_Data to examine_
★ ★ ★ ★ ★ ★ ★

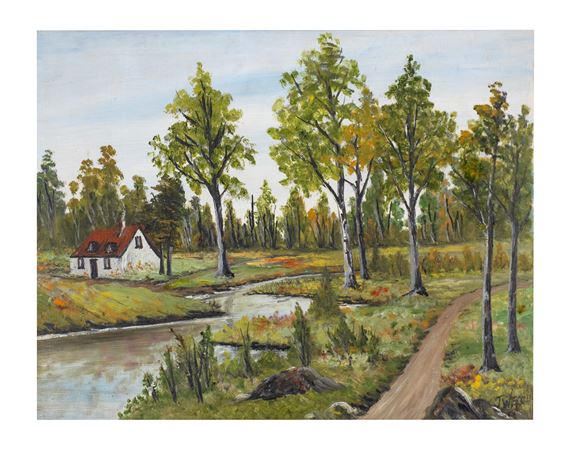 Maison au toit rouge au bord du ruisseau - Thaddeus Welch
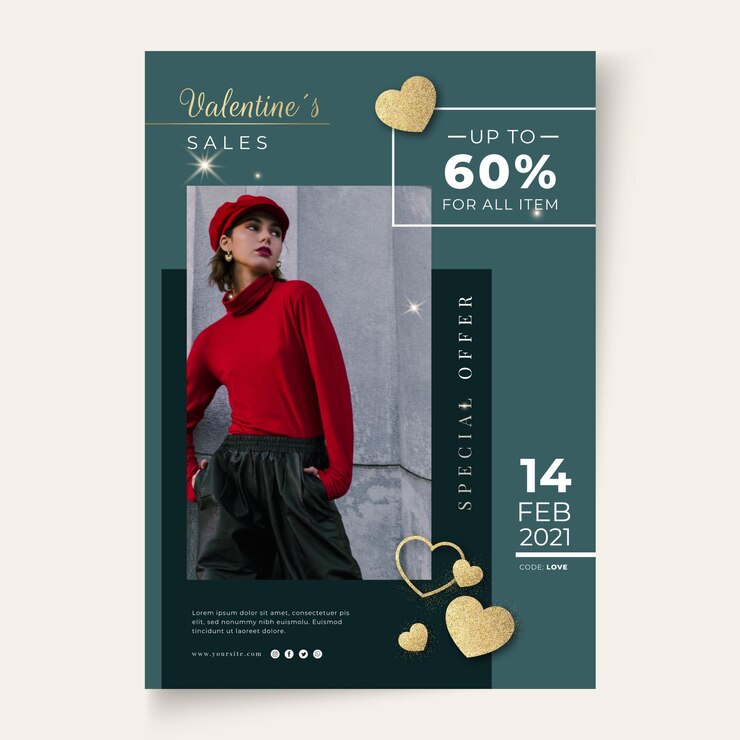 Gratis Vector valentijnsdag verkoop poster a4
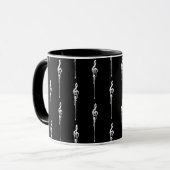 Musik Motif Melting Treble Clef Weiß und Schwarz Tasse (Vorderseite Links)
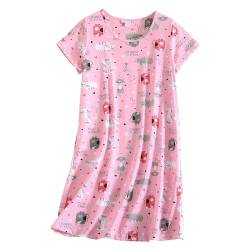 PNAEONG Damen Baumwolle Nachthemd Nachtwäsche Kurzarm Shirt Casual Print Sleepdress, Rosa/Katze, XX-Large von PNAEONG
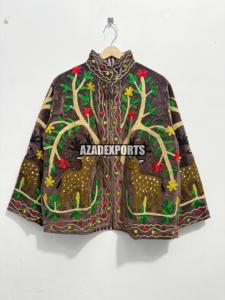 Hand Embroidered <b>Velvet</b> <b>Jacket</b> With Deer And Tree Pattern Mandarin Collar Full Sleeve Women's Winter Coat - Product Image 3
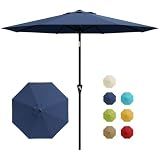 GarveeLife 9FT Umbrella Outdoor Patio, Table Umbrella with Push Button Tilt and Crank, 8 Sturdy Ribs Waterproof UV Protection for Garden, Pool, Backyard, Market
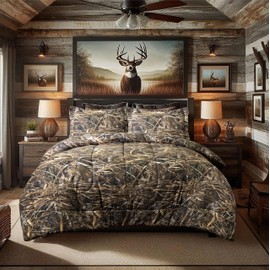 VISI-ONE Realtree Max-7 Camo Queen 3 Piece Comforter Set – Universal Outdoor Bedding, Rustic Farmhouse Décor for Nature & Wildlife Lover, Ideal for RV, Cabin, Lodge, Ranch, Farmhouse & Modern Space
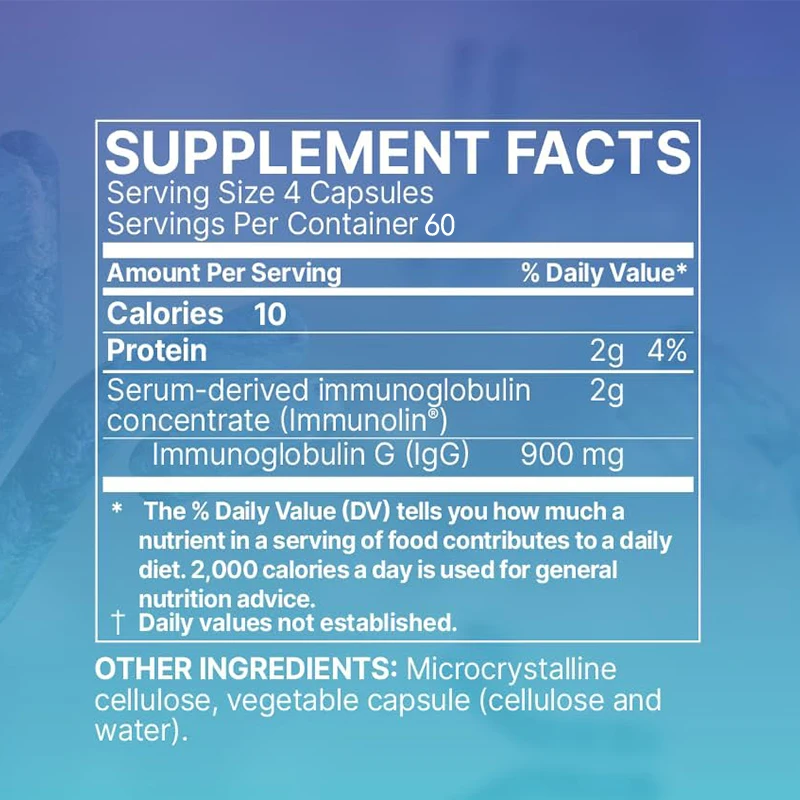 Immunoglobulin Supplement From Bovine Serum To Support Digestive Health, 60 Capsules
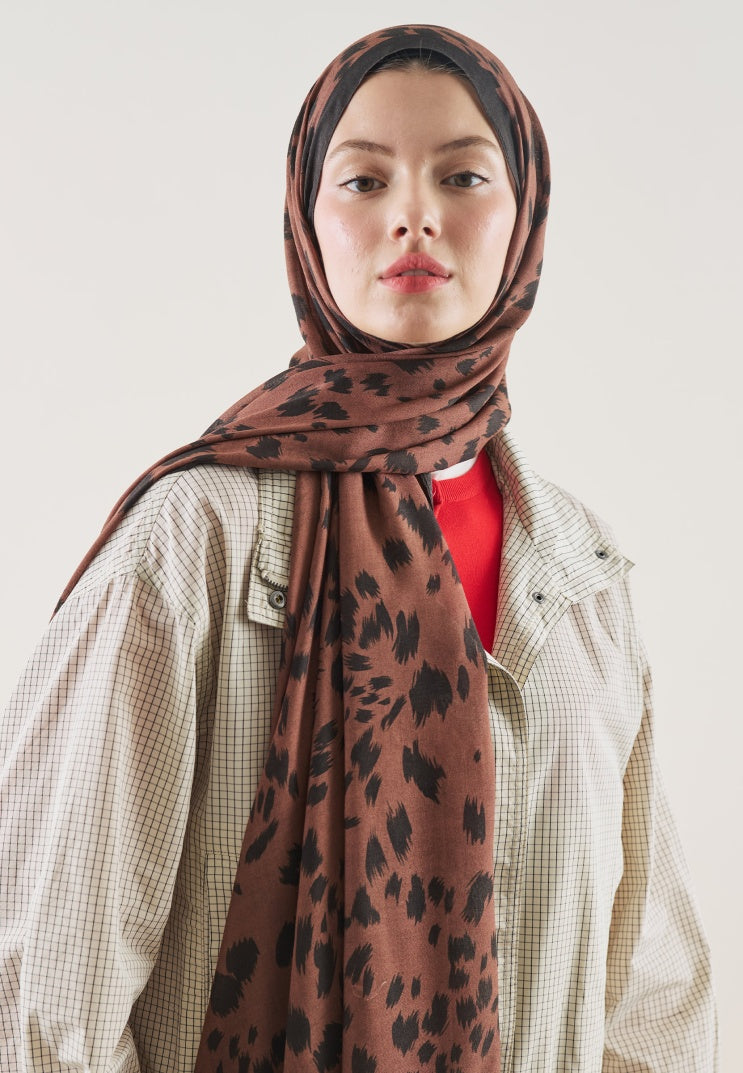 CHEETAH PATTERN RAMI HIJAB BROWN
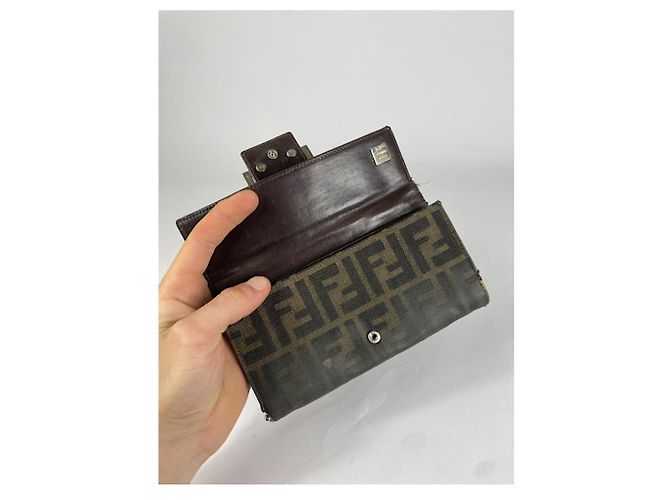 Billetera de algodón marrón Fendi Baguette Castaño - vista 4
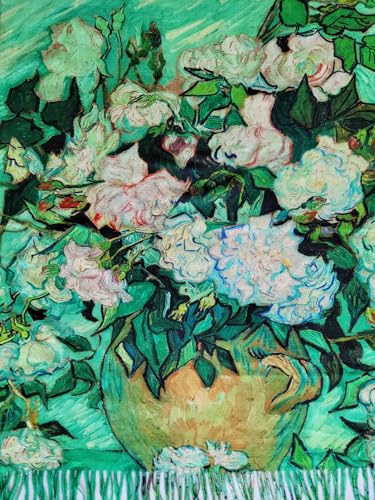VENVSBEE Reversible Scarf Soft Large Shawl Wrap Blanket Double Sided Art Print Warm Pashmina Stoles Klimt Van Gogh Gifts - color: Art 35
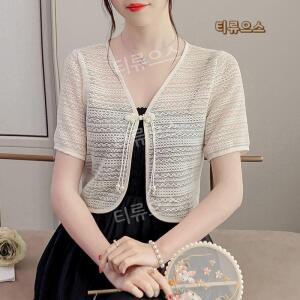 여자 여름 팔뚝커버 가디건 반팔 카디건 레이스 볼레로 티류으스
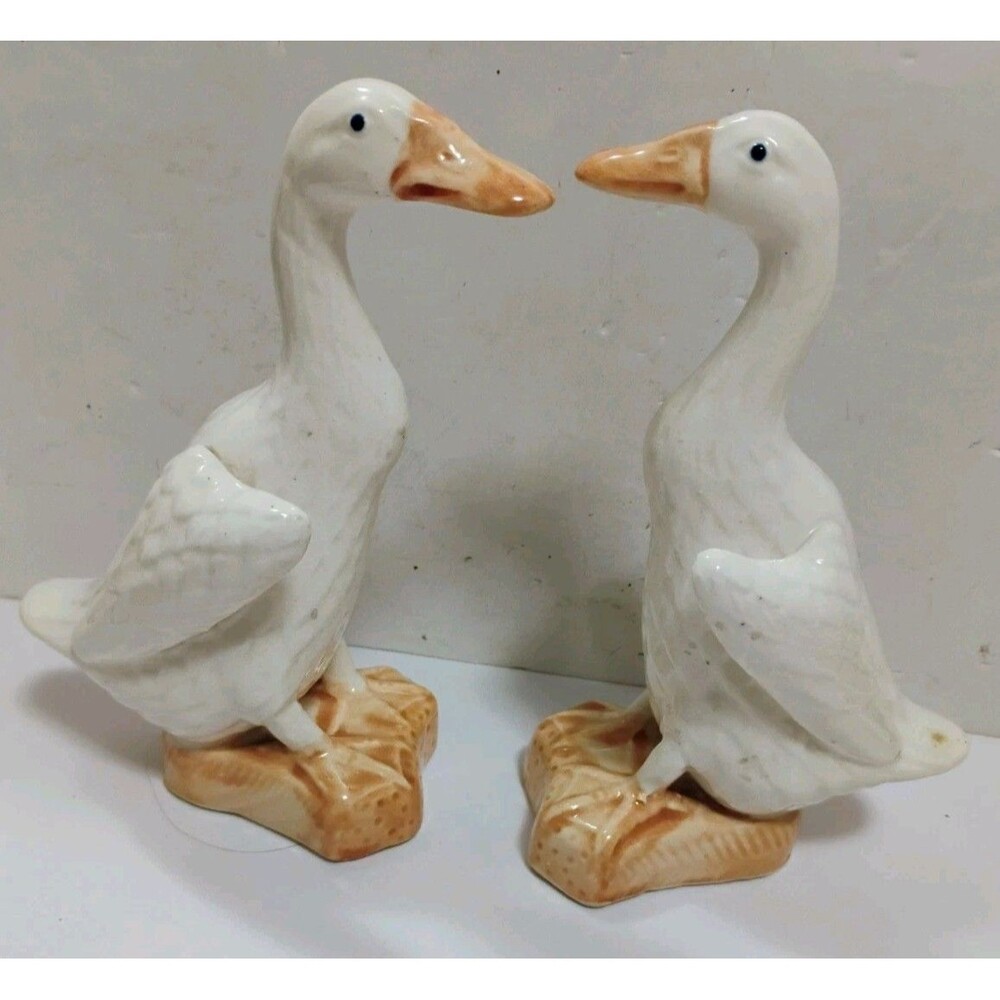 Vintage White Porcelain Goose Figurines Pair Geese 6" Runner Duck Style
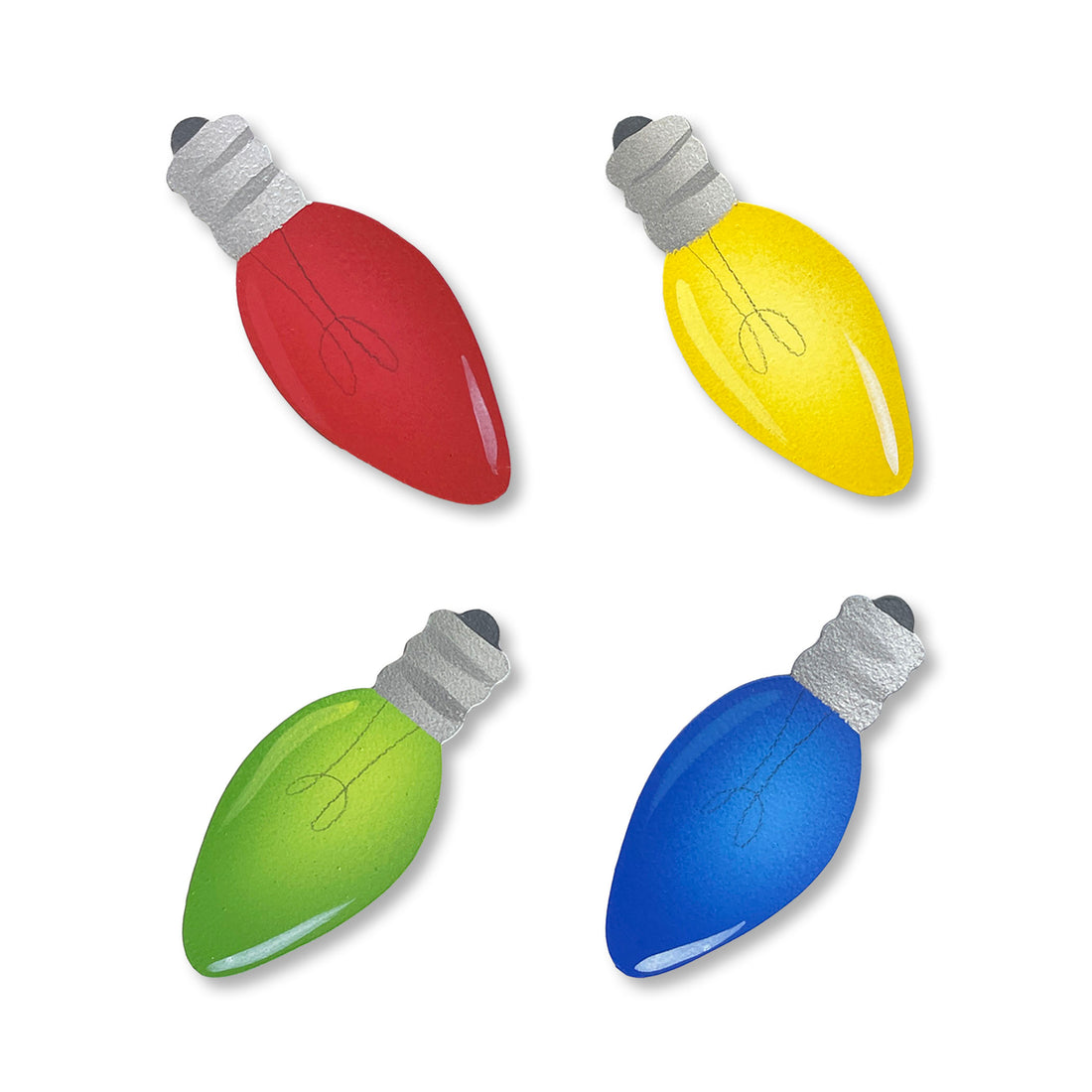 Christmas Light Bulb Mini Art Pop Magnets S/4 (Classic)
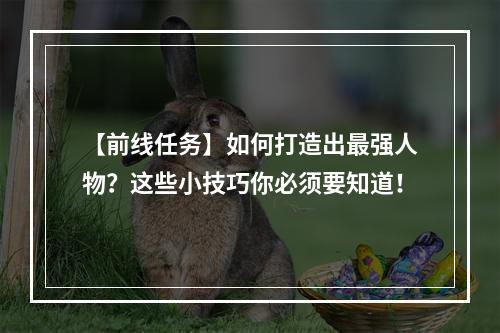 【前线任务】如何打造出最强人物？这些小技巧你必须要知道！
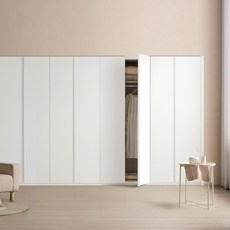 보루네오 E0 PET 무몰딩 딘트 여닫이 붙박이장 30cm, 푸쉬풀, 카본그레이 30cm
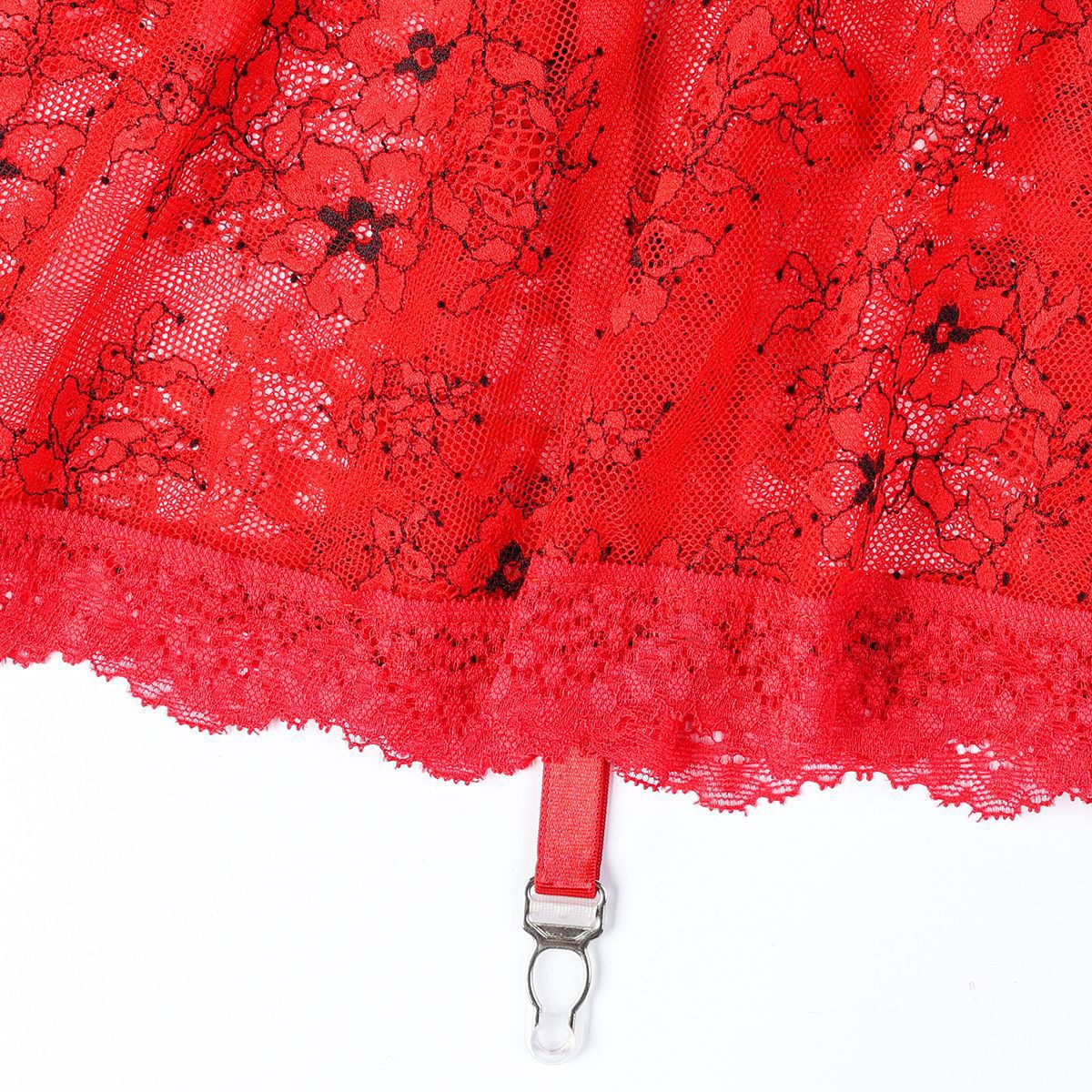 Floral Lace Garter Mini Skirt Lingerie Set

★ ★ ★ ★ ★ ★ ★

_Work instruction_
Word for word, repeat the lines of data above, omitting every picture.

_Answer to this task_
 Maison au toit rouge au bord du ruisseau - Thaddeus Welch
 Gratis Vector valentijnsdag verkoop poster a4
 Musik Motif Melting Treble Clef Weiß und Schwarz Tasse (Vorderseite Links)
 PNAEONG Damen Baumwolle Nachthemd Nachtwäsche Kurzarm Shirt Casual Print Sleepdress, Rosa/Katze, XX-Large von PNAEONG
 Hand Embroidered <b>Velvet</b> <b>Jacket</b> With Deer And Tree Pattern Mandarin Collar Full Sleeve Women's Winter Coat - Product Image 3
 GarveeLife 9FT Umbrella Outdoor Patio, Table Umbrella with Push Button Tilt and Crank, 8 Sturdy Ribs Waterproof UV Protection for Garden, Pool, Backyard, Market
 VISI-ONE Realtree Max-7 Camo Queen 3 Piece Comforter Set – Universal Outdoor Bedding, Rustic Farmhouse Décor for Nature & Wildlife Lover, Ideal for RV, Cabin, Lodge, Ranch, Farmhouse & Modern Space
 Immunoglobulin Supplement From Bovine Serum To Support Digestive Health, 60 Capsules
 CHEETAH PATTERN RAMI HIJAB BROWN
 Billetera de algodón marrón Fendi Baguette Castaño - vista 4
VENVSBEE Reversible Scarf Soft Large Shawl Wrap Blanket Double Sided Art Print Warm Pashmina Stoles Klimt Van Gogh Gifts - color: Art 35
 여자 여름 팔뚝커버 가디건 반팔 카디건 레이스 볼레로 티류으스
 Vintage White Porcelain Goose Figurines Pair Geese 6" Runner Duck Style
 Christmas Light Bulb Mini Art Pop Magnets S/4 (Classic)
 【前线任务】如何打造出最强人物？这些小技巧你必须要知道！
 보루네오 E0 PET 무몰딩 딘트 여닫이 붙박이장 30cm, 푸쉬풀, 카본그레이 30cm
 Floral Lace Garter Mini Skirt Lingerie Set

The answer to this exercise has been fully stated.